Parts of him that she has never properly seen, that she wants to, every time she looks for him in a mirror and finds him there. And she thinks with a start, Oh, so that's what this is.' - Such a soft moment of revelation, and it feels so appropriate for them and their relationship here. I love it.

'"I am a monster!" he roars, and she fears the windows might smash but abruptly he quiets, the wind seeping from the air, little twisters of dust settling back onto the floor. "And cursed twice over, covetous of what I can never possess."' - I love this for two reasons. The first being that it's a beautifully tragic show of his emotional state, going from the furious to the sad. The second being the hint at his former life and the implications of it. It adds an extra little dimension of context to the story and to his character.

'A chill gust of air, and the candle blows out. She breathes, and that is the only sound until his voice in her ear: "Show me."' - Kill me.

'"To touch your lips with mine…" He pauses, and his voice when he speaks again has roughened. "You would kiss a ghost, Christine?"' -Kill me.

'The air stills and now it is into her ear that he speaks, not for the rest of the room, intimate and smooth and her toes curl and she catches her breath and makes that sound, again, sharp and needful.

"Show me how to touch you," he breathes.' - KILL ME.

'Time shudders and speeds up as she looks at him and fills her memory with the dips and ridges and twists, and he is still with horror but his eyes—

It's you. It's you. I would recognize you anywhere.

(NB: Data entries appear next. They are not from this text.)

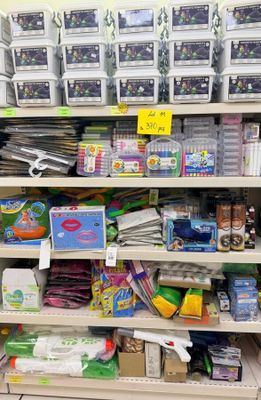 de nombreuses caisses de fournitures sur les rayons du magasin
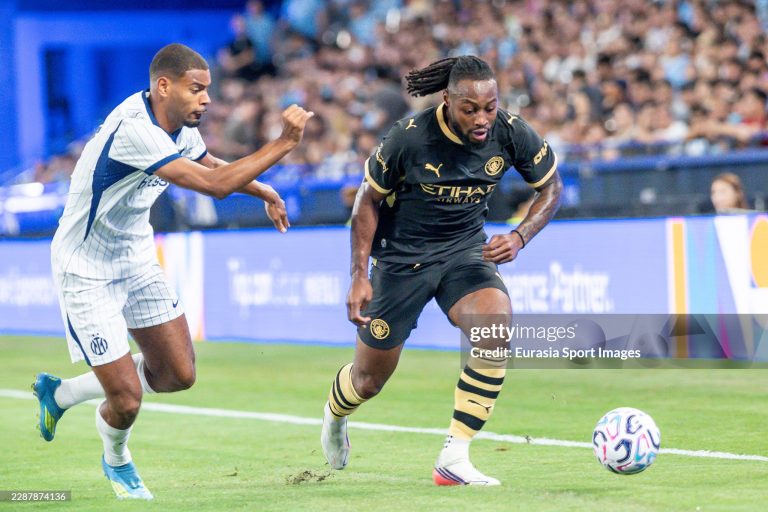 HONG KONG, CHINA - AUGUST 1: Antoine Semenyo of Manchester City (R) and Andy Diouf of Inter Milan (L) compete for the ball during the Manchester City v Inter Milan - Pre-Season Friendly at Kai Tak Stadium on August 1, 2026 in Hong Kong, China. (Photo by Eurasia Sport Images/Getty Images)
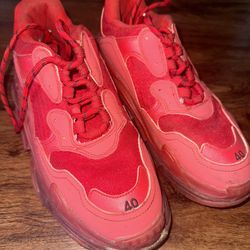 Triple S Balenciagas (Women)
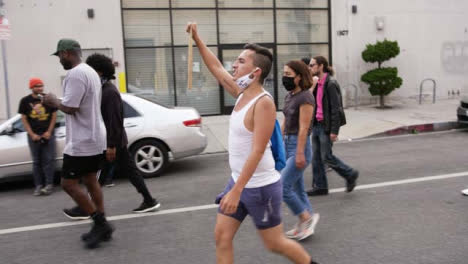 Manifestante-Masculino-De-Hollywood-Gritando-Durante-La-Marcha-De-Protesta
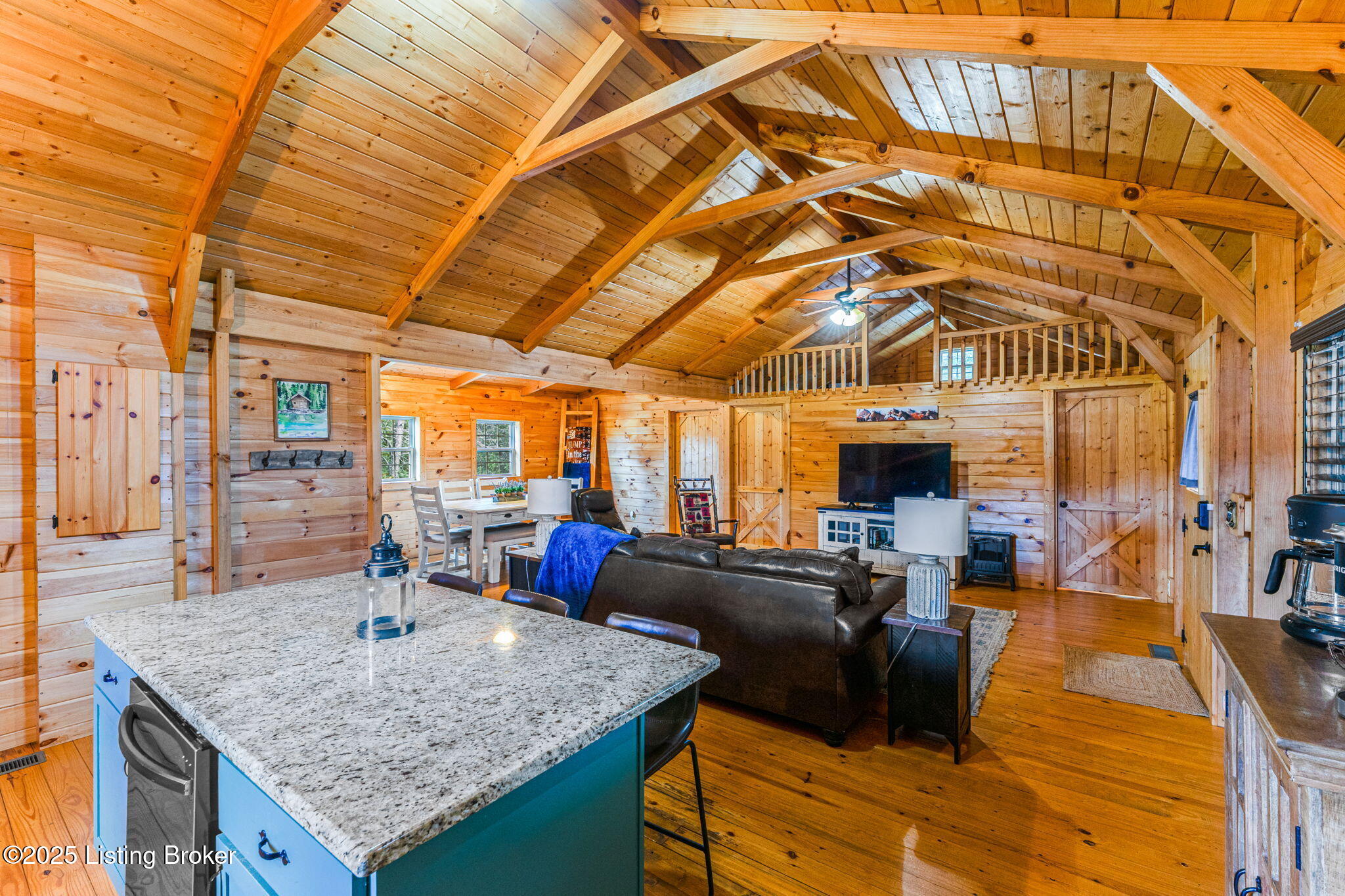 303 Payton Hollow Rd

"Come here," she says, "and touch me."' - sjdkfgjhvjc WHAT AN ENDING and the IMPLICATIONS and HAJKSLDFGKJHYTRDJ

I'm probably totally incoherent but hhhhhhhhhhhhh I love this story so much and I love your writing so much and ugh. How dare you (ily)
AnotherSilentObserver chapter 1 . 1/6/2019
A very original concept, and great writing! I agree with other reviewers: you create a very atmospheric depiction of the house, Erik has the romanticism, breadth of knowledge, selfishness an fury of the original novel (as well as a bit of Kay in looks), and as for your Christine, I love her fearlessness and the way she holds her own with both men.
In other words, great story.
PS: I never knew I would write these words, but poor Raoul.
LadyCrow12 chapter 1 . 1/6/2019
Absolutely amazing! I love how you describe the evolution of their relationship. And, truly, I'm happy of the end, I was afraid for a moment
Terpsichore92 chapter 1 . 1/5/2019
This was a really unique premise, and the writing is fantastic! Sad this is only a one-shot! Excellent job!